【怪盗クイーンシリーズ】既刊紹介と個人的な感想‐あらすじ、登場人物紹介、メディアミックス情報など

怪盗クイーンシリーズの書影×4冊分
※記事内のURLは商品の参考として載せているものです。リンク先からご購入される場合には、必ず各自の判断でお願いいたします。

目次

1.怪盗クイーンシリーズとは?

はやみねかおる先生による、講談社青い鳥文庫の大人気シリーズです。

怪盗クイーンとそのパートナーのジョーカー&人工知能のRDが様々な物を盗み出す物語。
国際刑事警察機構はクイーンたちを捕まえようと奔走していますが、失敗続き。

暗殺者や謎の辺境伯、大富豪など怪しげなキャラが大量に登場し、事態が混迷を極める中で、毎回クイーンが鮮やかに解決へと導いてみせます。

2.主観的な主要キャラ紹介

クイーン

主人公。性別不明。年齢不明。国籍不明。
超美形。何でもできるのでもはや人外。
しかし精神年齢は低い。子どもっぽくてお気楽。
人生で大切なのはC調と遊び心! と豪語している。最強。

ジョーカー

クイーンのパートナー。※クイーン曰く「友人」だが、本人は否定している。
黒髪短髪のイケメンお兄さん。
クイーンほどではないが、人外レベルで強い。冷静沈着でかっこいい。

RD

歌って踊れる人工知能。もはや人間か? と言いたくなるほど感情豊か(に見える)。
マガという名の人工知能の恋人もいる。人間ver.の姿もある。
性能としては、世界一の人工知能。倉木博士によって開発された。
クイーン&ジョーカーの仕事仲間。※クイーンは「友人」と言っているが、本人は否定している。

皇帝(アンプルール)

クイーンの師匠。クイーン以上に強い。年齢不詳。百年以上は余裕で生きている。もはやバケモノでは。来歴不明。とにかく最強。

ヤウズ

皇帝と一緒に暮らしている少年(青年?)。ジョーカーの後輩。
殺伐な世界で生きてきたが、今は皇帝に小間使いのごとくこき使われる毎日。
エレオノーレという女の子から好意を寄せられている。

エレオノーレ

ドイツのホテルベルリンとかいうヤバイ組織のトップ。
まだ若い(幼いと言ってもいいくらいの)女の子。可愛い。
組織が殺伐なことをしている&大富豪なので、倫理観や金銭感覚がバグっている。

シュテラ

エレオノーレに仕えている女性。とても強い。あと怖い。
ホテルベルリン総裁の意向を第一に行動している。

シュヴァルツ

ホテルベルリンに所属する、ドライ・ドラッヘンと呼ばれる幹部の一人。
身近にある様々なもので人を殺せる。
職務に忠実で四角四面。

ゲルブ

ドライ・ドラッヘンの一人。

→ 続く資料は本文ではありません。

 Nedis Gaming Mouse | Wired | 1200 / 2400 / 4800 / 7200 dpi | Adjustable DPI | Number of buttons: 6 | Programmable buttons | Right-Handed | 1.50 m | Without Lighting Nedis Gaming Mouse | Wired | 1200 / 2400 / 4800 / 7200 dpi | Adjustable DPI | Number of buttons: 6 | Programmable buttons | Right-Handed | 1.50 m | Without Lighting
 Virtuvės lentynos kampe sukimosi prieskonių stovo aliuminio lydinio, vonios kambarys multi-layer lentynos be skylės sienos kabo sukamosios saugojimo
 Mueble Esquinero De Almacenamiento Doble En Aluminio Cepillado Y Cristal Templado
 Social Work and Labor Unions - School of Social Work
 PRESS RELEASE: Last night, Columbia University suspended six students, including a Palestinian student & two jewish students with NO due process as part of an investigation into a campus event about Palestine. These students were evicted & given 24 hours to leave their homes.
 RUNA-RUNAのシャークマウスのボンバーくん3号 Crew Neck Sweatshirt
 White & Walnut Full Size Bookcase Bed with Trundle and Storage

優秀な狙撃手。まだ若い男。
エレオノーレのことが大好きだが、一向に振り向いてもらえない(好意に気付かれてすらいない様子)。
ヤウズとは犬猿の仲。ファストフードが好き。

ローテ

ドライ・ドラッヘンの一人。火炎使い。女性。
ワケあって、探偵卿のヴォルフと恋人関係にある。
ヴォルフが浮気をしているのでは? と疑うと燃やしに来る(怖い)。

ヴォルフ

国際刑事警察機構の探偵卿。
本来ならばドライ・ドラッヘンなどの犯罪行為を取り締まる立場なのだが、その一人であるローテと恋仲にある。
武闘派と言われるだけあって、ジョーカーと張り合えるほど強い。日本刀で戦う。
頭は悪く、とにかく力でゴリ押す男。
命令には忠実だが、融通が利かないわけではなく、なんなら無意識のうちに突っ走ってしまうことが多々ある。
喧嘩っ早いだけで、心根は優しい。

花菱仙太郎

探偵卿の一人。推理をするときに片方の目が銀色になる。若い男。
コンビニ王を目指して働く日々(コンビニ王が何なのかは不明)。
お気楽で軽薄に見えるし実際そうなのだが、頭は良い。あと優しい。比較的常識人な方だと思われる。
ヴォルフとコンビを組んで捜査に当たることが多い。肉体的に強いわけではない。

ルイーゼ

13人の探偵卿を束ねる女性。元探偵卿で、非常に優秀。誰も彼女に逆らうことはできない。
何事にも動じず、常に陽気に振舞っている。怖いもの知らず。
ただし、上司のMという男だけは苦手。Mから電話がかかってくると、極力出ないorすぐに切ろうとする。

ヴァドエバー

男性の探偵卿。色々あるけどネタバレになるので割愛。

パイカル

少年の探偵卿見習い。ヴァドエバーの助手。

ネア

大金持ちの探偵卿。嫌味な性格。

シド

ネアの執事。色々語りたいけど、ネタバレになるので割愛。

アンゲルス

オタクで引きこもりの探偵卿。非常に頭が良いが、なかなか動きたがらない。
同人誌やフィギュアを大量に持っている。
また、人工知能のマガを有している。

マガ

アンゲルスのところにいる人工知能。自称、宇宙一の人工知能。RDの恋人で、勝気な性格。

夢水清志郎

他シリーズの主人公だが、稀にこちらにも顔を出す。名探偵。探偵ではなく名探偵。探偵と言われると必ず訂正する。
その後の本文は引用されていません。